Before the kettling the police had tried to intimidate us by surrounding us, taking notes and videoing us (for later evidence?) and generally trying to outnumber us. When the kettling happened, there were only around 30 protesters, yet there were 140 police officers, a police helicopter and several riot vans. This is all because the Government is concerned that maybe Occupy Democracy has a point and that if Occupy Democracy gets the attention of the public before it is shut down, it might make a difference. Does this not raise the question of whether we truly do live in a democracy?
Following all this there were several other arrests, including that of Jenny Jones (a senior Green Party politician). The "reasons" for her arrest are laughable at. She arrived to investigate the claims of police brutality, as she is on the board that makes sure that the Metropolitan Police does its job correctly. While there (doing her job), she was arrested. The police could not come up with a reason better than that she was supporting the protest. She could still be taken to court. See more on her arrest here.
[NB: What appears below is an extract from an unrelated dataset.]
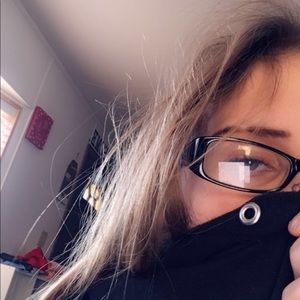 Meet your Posher, Hope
Another protest was taking place on the first Saturday of Occupy Democracy and it was redirected so that it did not pass Parliament, so as to not give Occupy any more attention.
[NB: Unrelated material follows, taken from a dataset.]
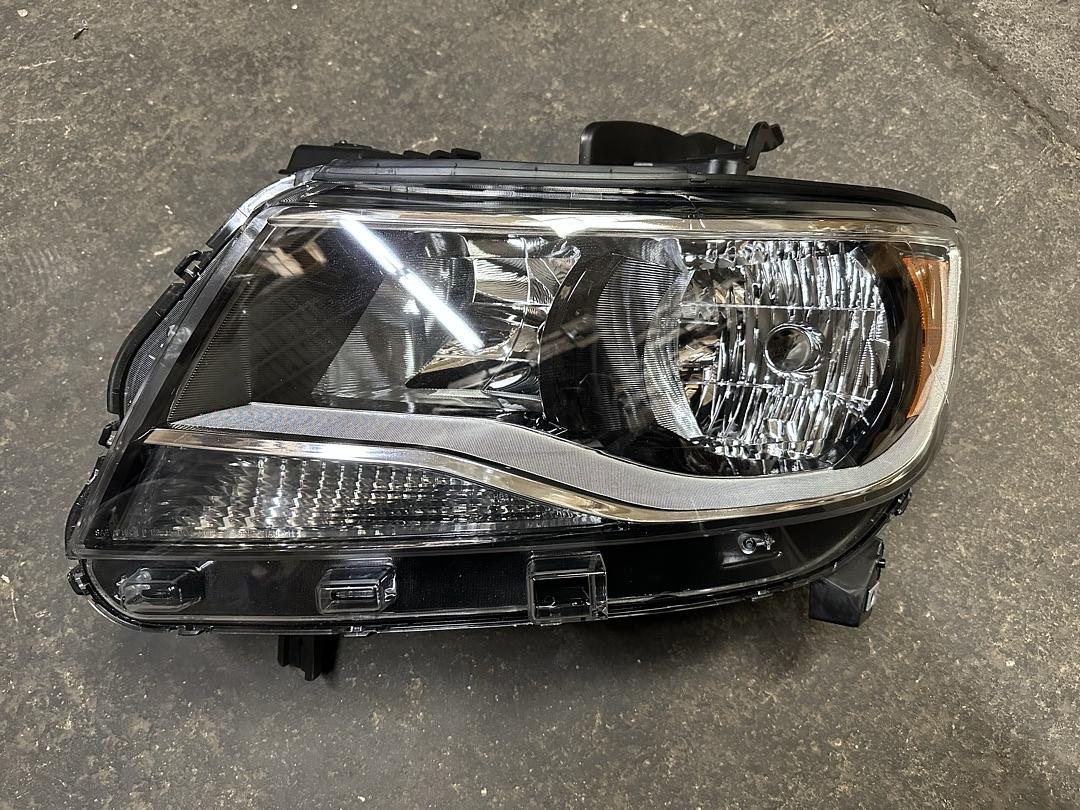 As Is OEM-HL-0055-L 15-20 Chevy Colorado Left Side/ Driver Side Headlights Black Amber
So why all this, then? Is our country really in that much of a state that people are willing to go and get arrested just to show that we don’t have a true democracy?
Wherever we place ourselves on the political spectrum, we have to admit that our Government doesn’t run on democracy, it runs on money. This means that the interests of the people aren’t served; instead, the interests of big, money-making corporations and big banks and the institutions where politicians work when they’re not being politicians are being served (it is easy to spot which organisations the Government is serving at any given time because those are the ones where the leading ministers work when their term in office comes to an end). Our mainstream media is paid for almost entirely by big companies, meaning that the needs of 99% of the population are not served, as the media and Government work closely to put in charge those people that the big businesses want in charge.
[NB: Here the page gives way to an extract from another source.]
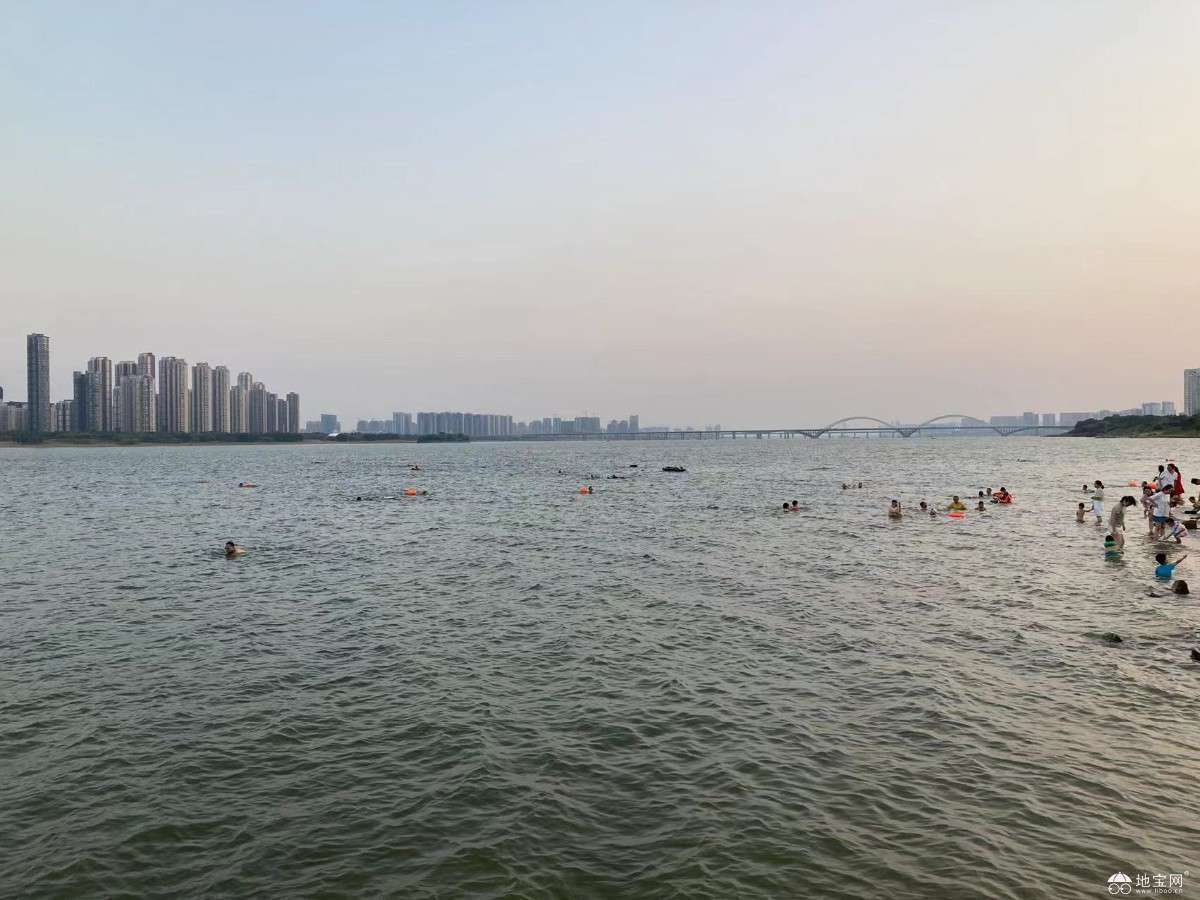 点击放大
Over the past thirty years, we’ve seen the wages for many flatlining and coming out of sync with inflation, putting many people out of pocket and in difficult positions, whilst bankers take huge bonuses and large companies avoid tax so that the bosses can make as much money as they like whilst their workers get minimum wage, not a living wage. More and more people are forced to choose between heating and eating.
Because of the control of the media by the Government and big companies, many of us don’t know the huge issues that surround housing, education, health etc. Even our voting system is unfair: proportional representation is quite probably the closest thing we have to true democracy - except we don’t have it. It would surely be much fairer to have the number of votes for a party to reflect the number of seats they hold. We are put in a position in which, if you don’t vote for one of the three main parties, your vote becomes void - and you couldn’t fit a piece of paper between the three main parties as they all offer the same thing: cuts to public services.
The way that political parties are funded means that banks directly benefit from financing a certain party’s campaign, then making money out of what they do with their power. For example, when the Tory/Lib Dem Coalition privatized the Royal Mail (which is a whole other debate in itself), close friends of the Conservative Chancellor, George Osborne, made huge amounts of money out of the privatization.
All of this draws me to the conclusion that our country is not a democracy and that only if we stand up to the system and tell those in power that they’re wrong will we get anywhere. The government is not serving us as the people and that needs to change. We need a revolution.